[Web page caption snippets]
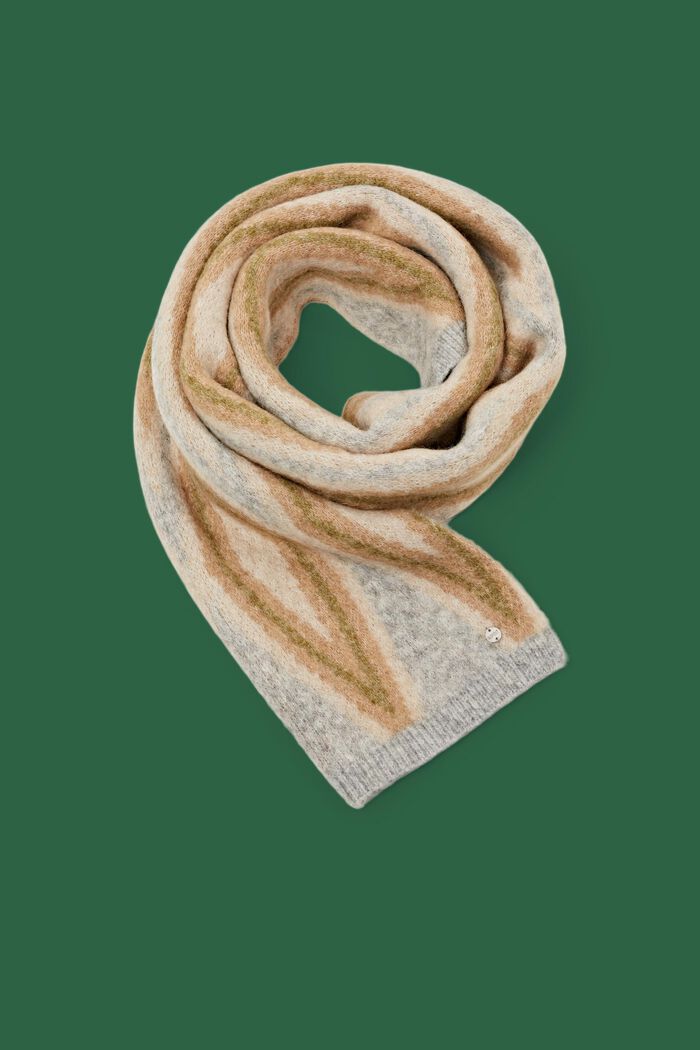 Sjaal uit een mix van wol en mohair, LIGHT GREY, detail image number 0
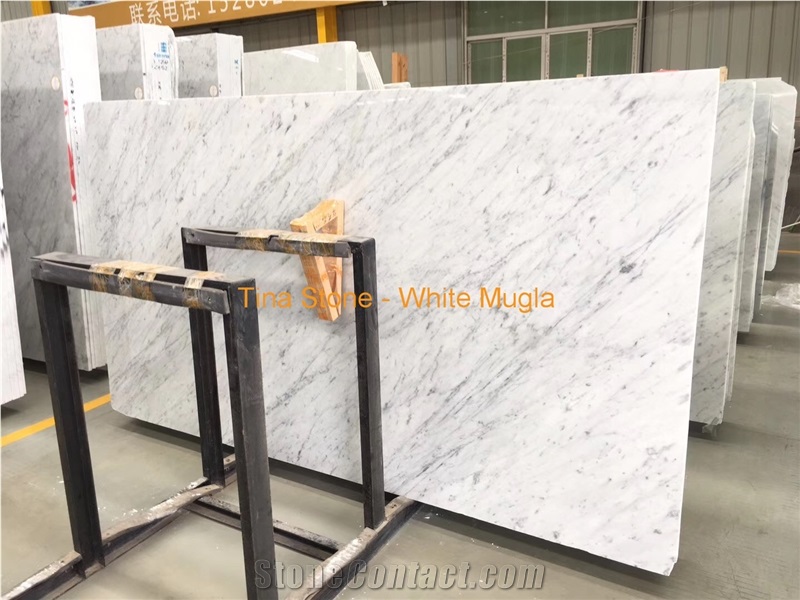 White Mugla Marble Tiles Slabs Building Covering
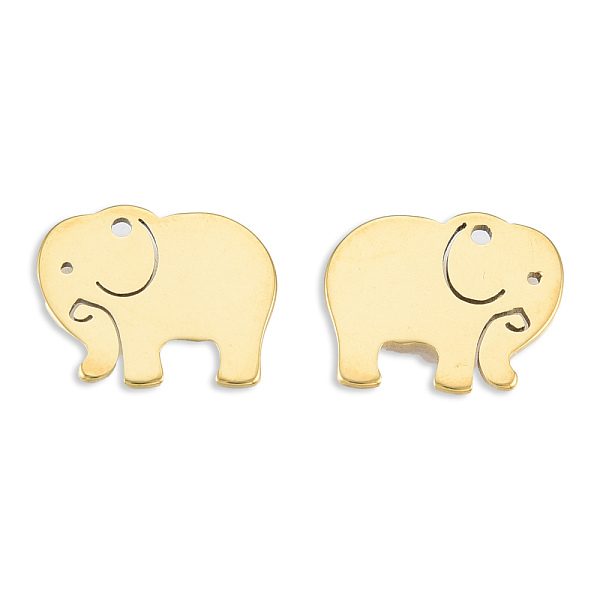 

PandaHall Ion Plating(IP) 201 Stainless Steel Charms, Elephant, Real 18K Gold Plated, 12x15x1mm, Hole: 1.2mm 201 Stainless Steel Elephant
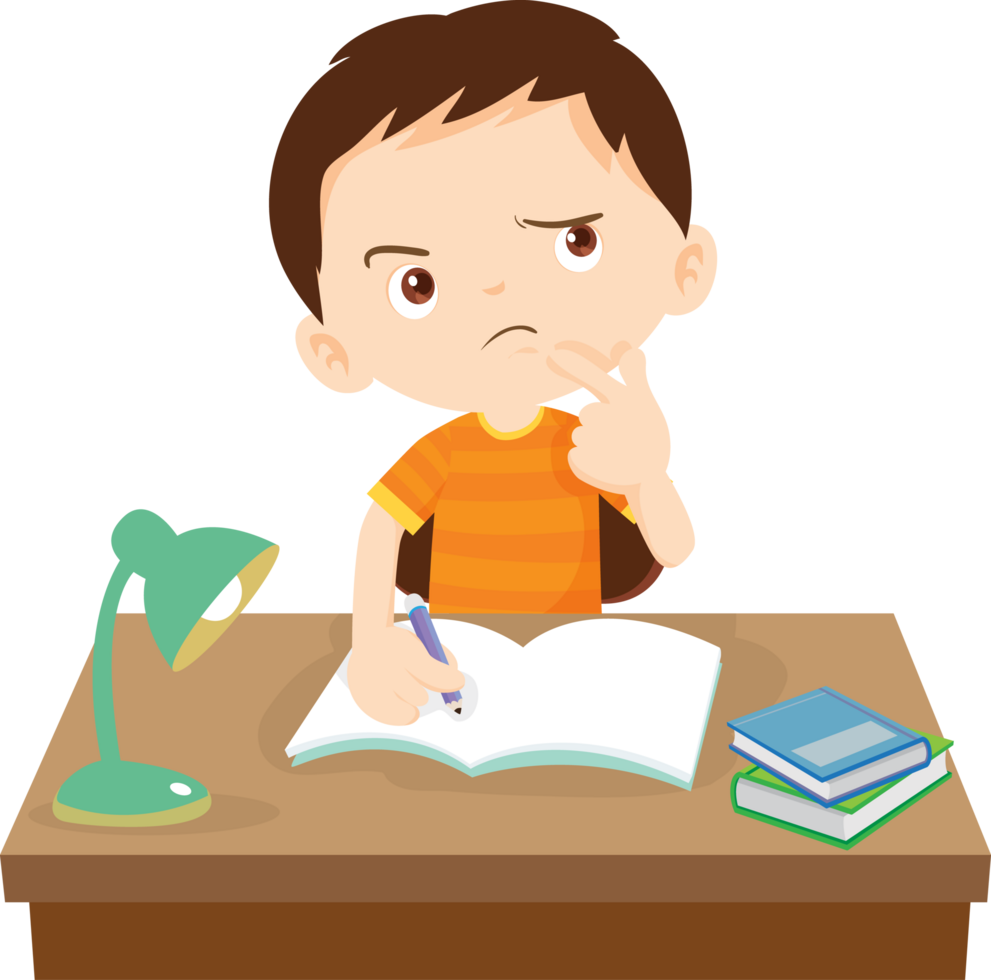 The boy is sitting and thinking while doing his homework. png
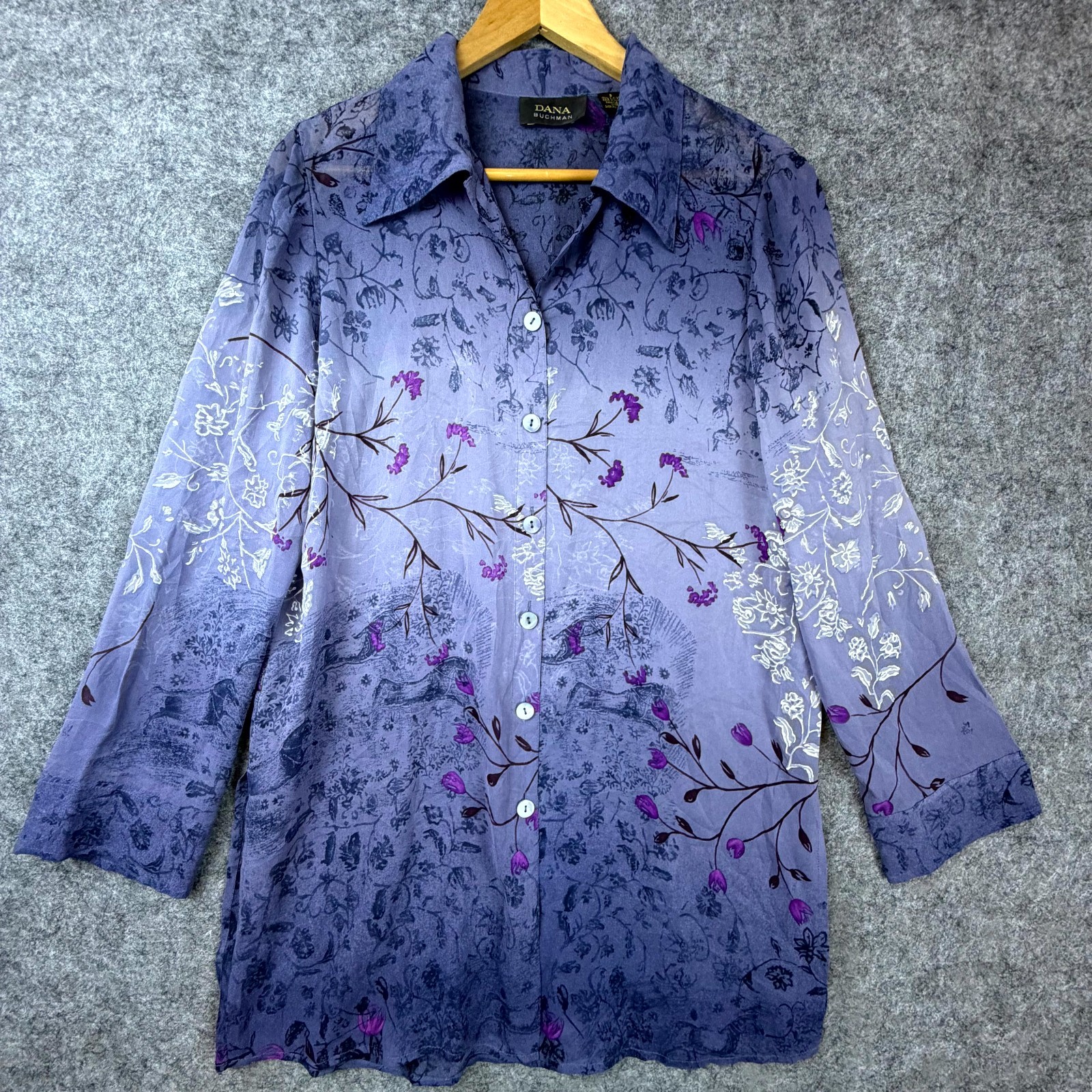 Dana Buchman Shirt Womens 8 Purple Ombre Floral Sheer 100% Silk Grandma Chic
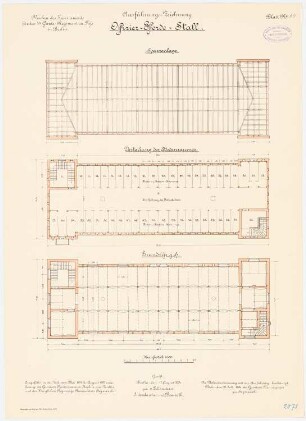 Kaserne des 4. Garderegiments zu Fuß, Berlin-Moabit: Offizier-Pferdestall: Grundriss 2. EG (?), Dachgeschoss, Sparrenlage 1:100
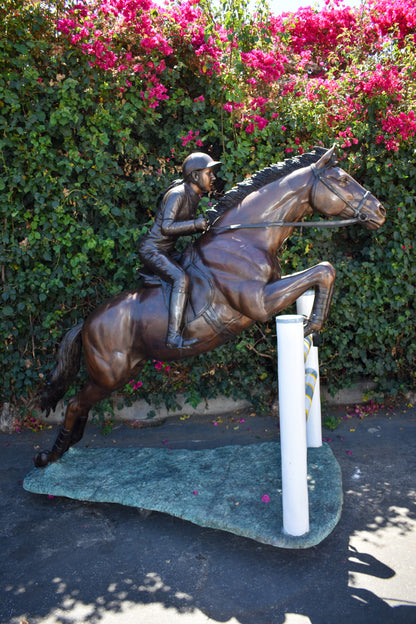 Life Size Horseback Rider Jumping Realistic Bronze Statue Size: 85" x 45" x 71"H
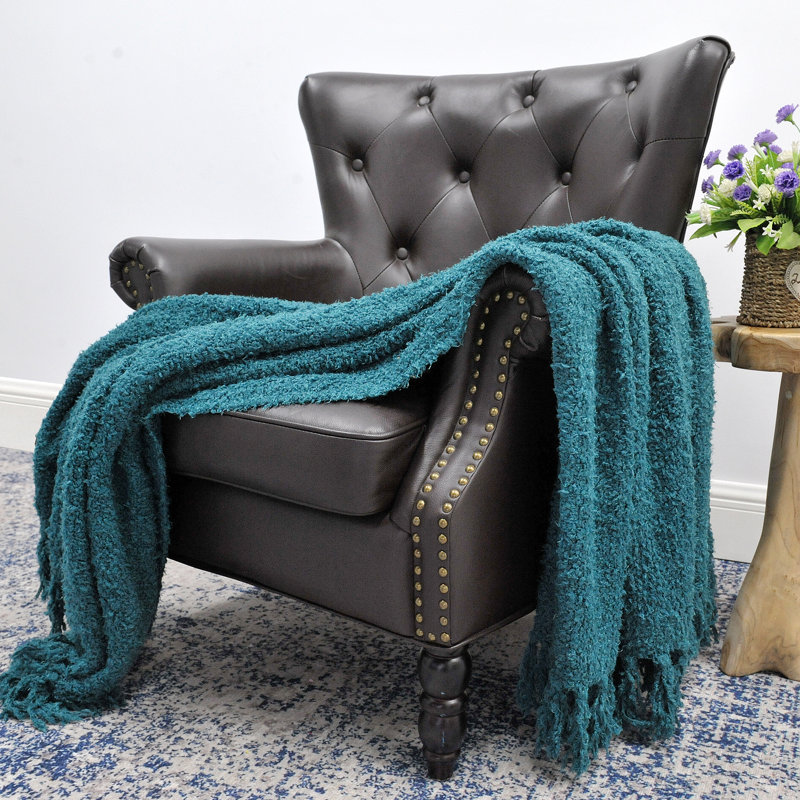 Dark Teal Knitted Machine Washable Kids Throw Blanket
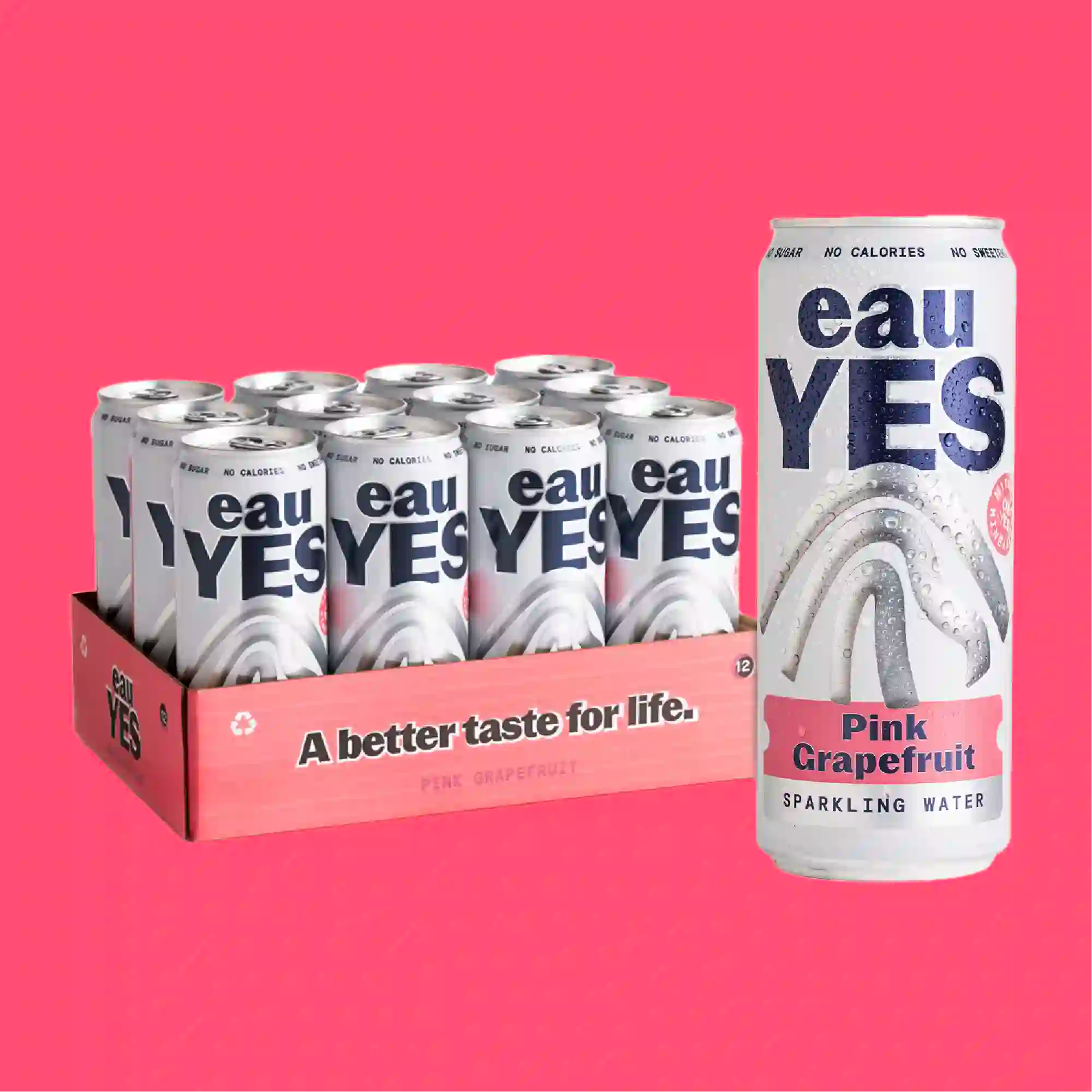 eauYES water pink grapefruit sparkling water 12 cans inside box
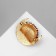 Brooch "Hedgehog" on the moon, brown color in gold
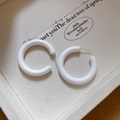 Minimalist white C-shaped hoop earrings with polished finish and silver needles - White C-Shape Loop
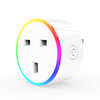Tuya Smart RGB LED Plug Wifi Smart Socket UK Remote Control Compatible Google Home Alexa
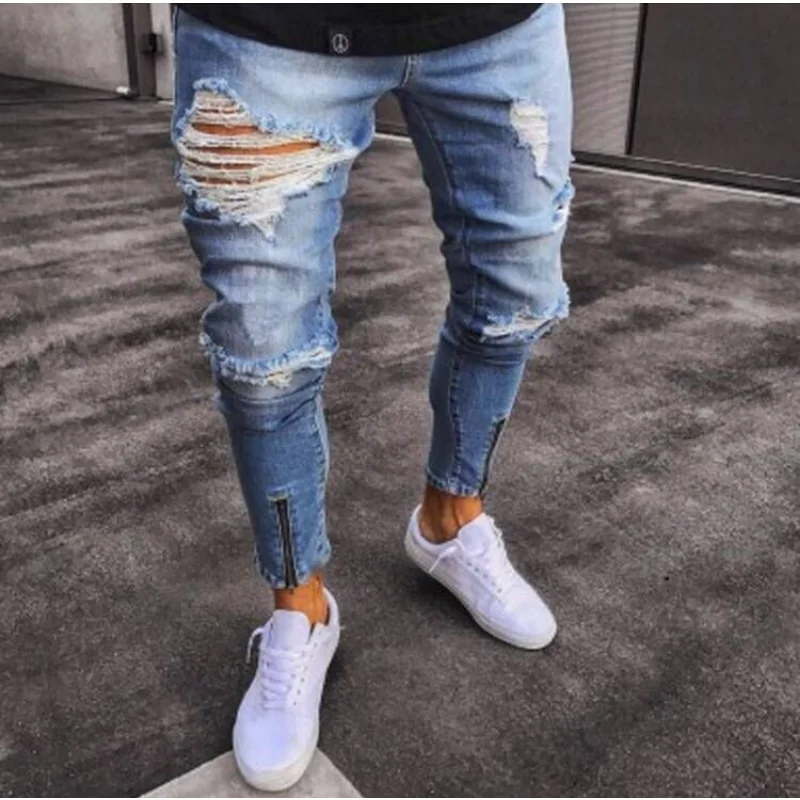 Europe and America New Graphic Jeans Men's Spring Autumn Knee Broken Trousers Y2k Clothes Casual Chic Zipper Men Denim Pants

▶ **TASK GOAL**: Print exactly the lines between the line containing "Dana Buchman Shirt" and the last line of the entries above, including both, and nothing besides; skip the pictures.

▶ **RESPONSE**:
 Dana Buchman Shirt Womens 8 Purple Ombre Floral Sheer 100% Silk Grandma Chic
 Kaserne des 4. Garderegiments zu Fuß, Berlin-Moabit: Offizier-Pferdestall: Grundriss 2. EG (?), Dachgeschoss, Sparrenlage 1:100
 Life Size Horseback Rider Jumping Realistic Bronze Statue Size: 85" x 45" x 71"H
 Dark Teal Knitted Machine Washable Kids Throw Blanket
 eauYES water pink grapefruit sparkling water 12 cans inside box
 Brooch "Hedgehog" on the moon, brown color in gold
 Minimalist white C-shaped hoop earrings with polished finish and silver needles - White C-Shape Loop
Tuya Smart RGB LED Plug Wifi Smart Socket UK Remote Control Compatible Google Home Alexa
 Europe and America New Graphic Jeans Men's Spring Autumn Knee Broken Trousers Y2k Clothes Casual Chic Zipper Men Denim Pants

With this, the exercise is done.